Iraqi troops imposed heightened security in Baghdad Wednesday as international support mounted for a new prime minister to replace Nouri al-Maliki, who has called on the armed forces to stay out of politics amid fears of a possible coup.

Tanks and Humvees were positioned on Baghdad bridges and at major intersections on Wednesday, with security personnel more visible than usual. About 100 pro-Maliki demonstrators took to Firdous Square in the capital, pledging their allegiance to him.

The embattled premier has grown increasingly isolated, with Iraqi politicians and much of the international community lining up behind Haider al-Abadi, a fellow member of his Shiite Dawa party tasked by the president with forming a new government that can unite the country in the face of an onslaught by Sunni militants.

Widespread discontent with al-Maliki's divisive rule has reached the point where both Saudi Arabia and Iran -- regional rivals often bitterly divided over Iraq -- have expressed support for al-Abadi.
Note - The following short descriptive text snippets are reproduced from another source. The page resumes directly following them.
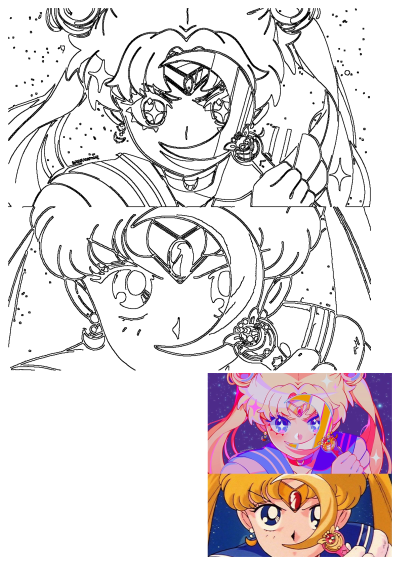Sailor Moon blonde hair, blue eyes anime art comparison. See line art, modern vibrant style, and classic anime depictions holding a scepter.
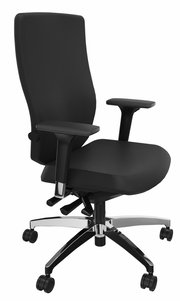 Schwarzer Drehstuhl Dauphin STILO mit Armlehnen und verchromtem Fußkreuz, seitliche Perspektive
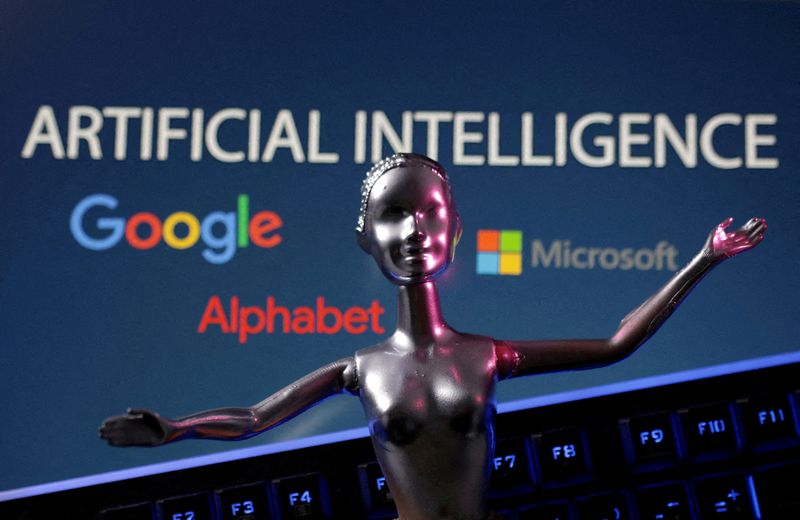 © Reuters. FILE PHOTO: Google, Microsoft and Alphabet logos and AI Artificial Intelligence words are seen in this illustration taken, May 4, 2023. REUTERS/Dado Ruvic/Illustration/File Photo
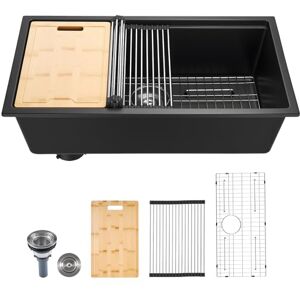 VEVOR 84 cm Kitchen Sink Workstation, Undermount Granite Sink, Drop-in Single Bowl Farmhouse Basin with Multiple Accessories, Household Dishwasher Sinks for RV, Prep Kitchen, and Bar (Black) VEVOR 84 cm Kitchen Sink Workstation, Undermount Granite Sink, Drop-in Single Bowl Farmhouse Basin with Multiple Accessories, Household Dishwasher Sinks for RV, Prep Kitchen, and Bar (Black)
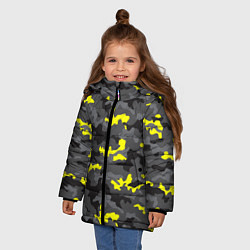 Куртка зимняя для девочки Камуфляж Серо-Чёрный, цвет: 3D-светло-серый — фото 2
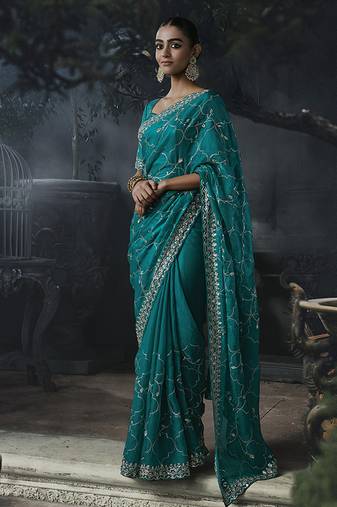 Teal blue tissue silk blend embroidered saree with blouse
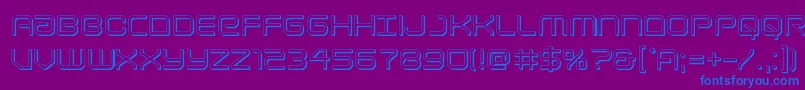 Czcionka Lightbrigade3D – niebieskie czcionki na fioletowym tle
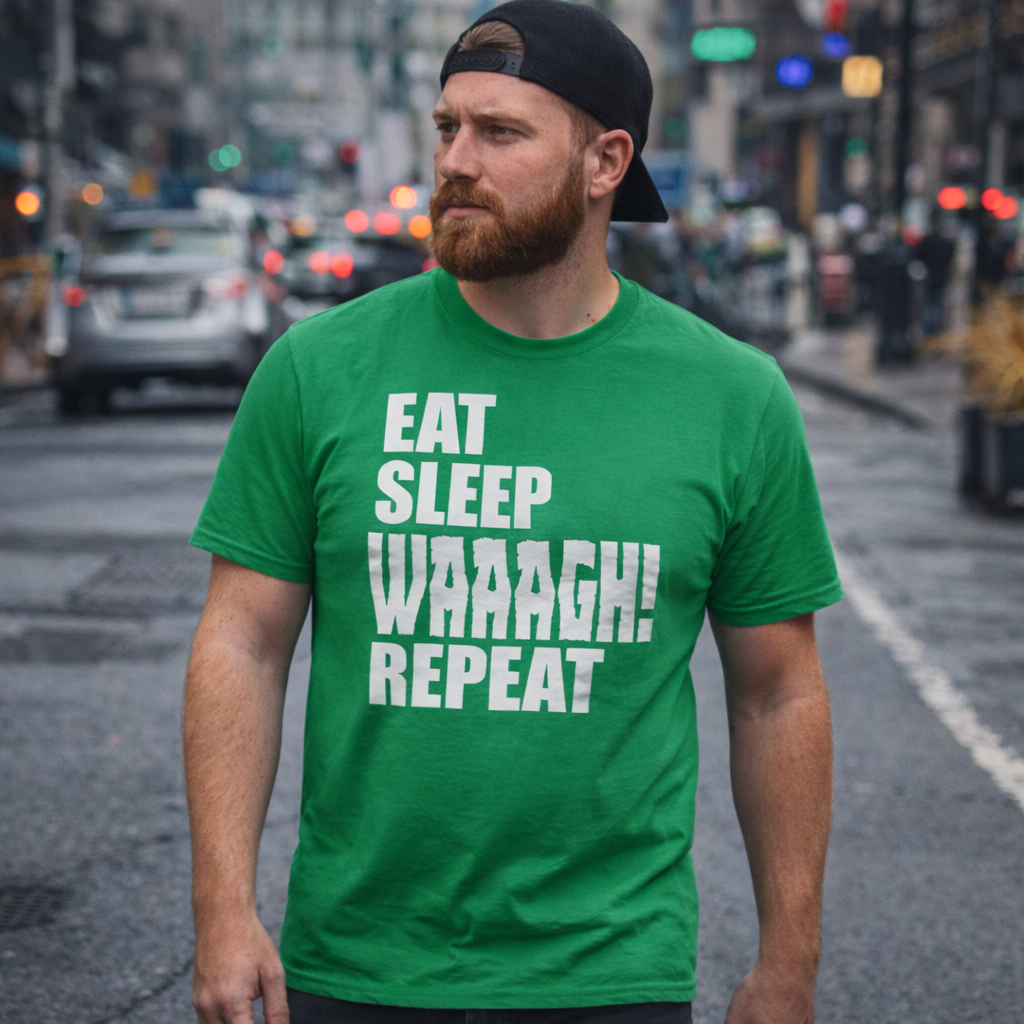 bearded man on a street wearing Eat Sleep Waaagh Repeat Heavy Duty T-shirt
The United States, the European Union and the United Nations have also expressed support for new leadership.

But al-Maliki, whose bloc won the most votes in April elections, has thus far refused to step aside and rejected the appointment of al-Abadi as unconstitutional. Al-Abadi was selected by the main Shiite alliance which includes al-Maliki's bloc, but the Islamic Dawa party says al-Abadi "only represents himself."

Tanks and Humvees first rolled across the city early Monday after al-Maliki delivered a surprise midnight address to the nation vowing legal action against President Fouad Massoum for carrying out "a coup against the constitution and the political process."

At a meeting between al-Maliki and senior military commanders broadcast on state television Tuesday, al-Maliki said security forces should not get involved in politics, but raised the specter of further unrest by saying that Sunni militants or Shiite militiamen might don military uniforms and try to take control of the streets.

"This is not allowed because those people, wearing army uniforms and in military vehicles, might take advantage of the situation and move around and make things worse," he said.

The turmoil stems from the rapid advance of the Islamic State group and allied Sunni militants across northern and western Iraq in June. Fueled by widespread Sunni discontent with al-Maliki's rule, the insurgency seized Iraq's second largest city Mosul and routed the beleaguered armed forces. Thousands of people have been killed and more than 1.5 million displaced by the violence.

The militant advance slowed as they approached Baghdad and other majority Shiite areas, but the capital still sees near daily attacks.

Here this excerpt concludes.